Contactin N-Glycosylation Is Implicated in Recognition by CIDP Autoantibodies

We showed previously that contactin associated with Caspr bears mannose-rich N-glycans, whereas contactin expressed alone is processed with complex N-glycans, as illustrated in Fig. 5 (2). The mannose-rich glycoform of contactin preferentially binds NF155, its glial partner at paranodes, as demonstrated using the glycosyltransferase mutant Lec1 cells (2). In the same manner, Lec1 cells were used here for expressing N-glycosylated proteins of the mannose-rich subtype, as schematized in Fig. 5 (21).

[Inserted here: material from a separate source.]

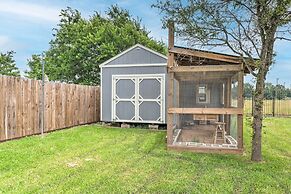 Hot Tub, Pool, & Fire Pit: Gorgeous Hutto Home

The autoantibodies from patients 1 and 2 recognized both the complex and mannose-rich glycoforms of contactin expressed in N2a and Lec1 cells, respectively (Figs. 4 (A and C) and 5 (E and F)). Next, N2a cells were treated with 2 μg/ml tunicamycin, which was added 4 h after transfection to completely block the linkage of N-glycans. Because N-glycosylation is tightly implicated in the quality control and export of glycoproteins to the cell surface, tunicamycin treatment prevented cell surface expression of contactin in N2a cells. Therefore, immunofluorescence labeling after cell fixation and permeabilization was required to analyze whether CIDP autoantibodies reacted against unglycosylated contactin-GFP retained in the ER. Under this condition, immunoreactivity for contactin was completely prevented, indicating that the autoantibodies from patients 1, 2, and 4 only recognized N-glycosylated contactin (Fig. 4, G–L).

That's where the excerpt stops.